May 12, 2006 - Station ED-entification
The dedicated staff of edhat.com used to drive past all the gas stations in town to gather prices for our gas price map. One of the reasons we stopped doing it was because prices were increasing rapidly, and we thought that maybe we had something to do with it. In the same way that watched pots never boil, maybe watched prices always rise.
Well after we stopped watching, the prices continued to rise. So, it turns out it wasn’t us. Maybe we should have considered the possibility that prices were going up because of the basic economics of supply and demand,
or maybe a failed foreign policy, or maybe one that didn’t fail.
Whatever the reason, prices are now more than double of what they were two years ago when we started our map. And with prices so high, gas prices are a hot topic of conversation around the water cooler. Getting the lowest high price has become a top priority for many people. Today, they announced the cheapest places to buy gas on TV and the radio. There are also a number of websites with their own price maps.

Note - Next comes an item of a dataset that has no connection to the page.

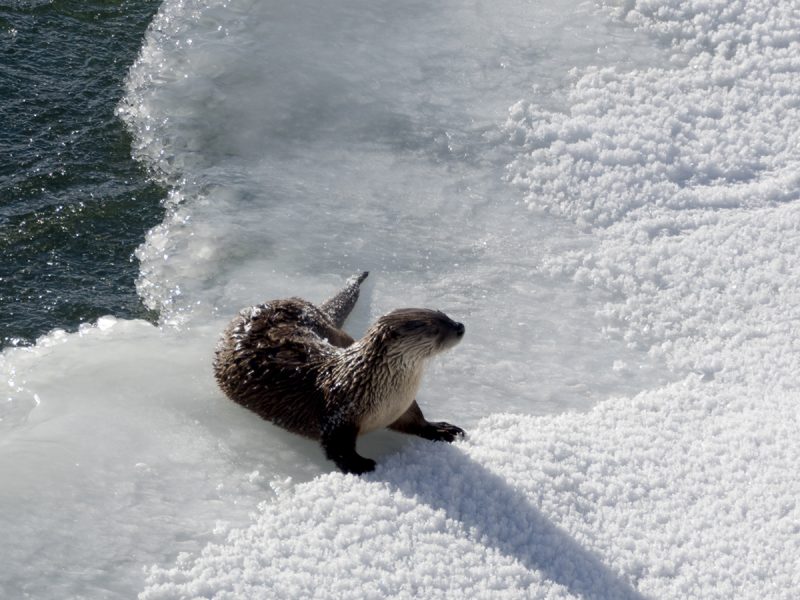 River otter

Yesterday, the dedicated staff wanted to see how this new price awareness has affected consumer behavior. Everyone in town knows that eggs, butter, cereal, chicken, and motor oil are much more expensive at Gelson’s,
but people continue to shop there. Ed wanted to know if this same type of price ambivalence applies to gas as well.
The intersection of Mission and State seemed to be the perfect place to study this phenomenon. Yesterday, on the east side of the intersection, Mobil was charging $3.59/gallon for regular. And on the west side of the intersection, Arco was charging $3.33/gallon – one of the lowest prices in town. Ed instructed the dedicated staff to go to Mission and State and count the number of cars filling up at each station.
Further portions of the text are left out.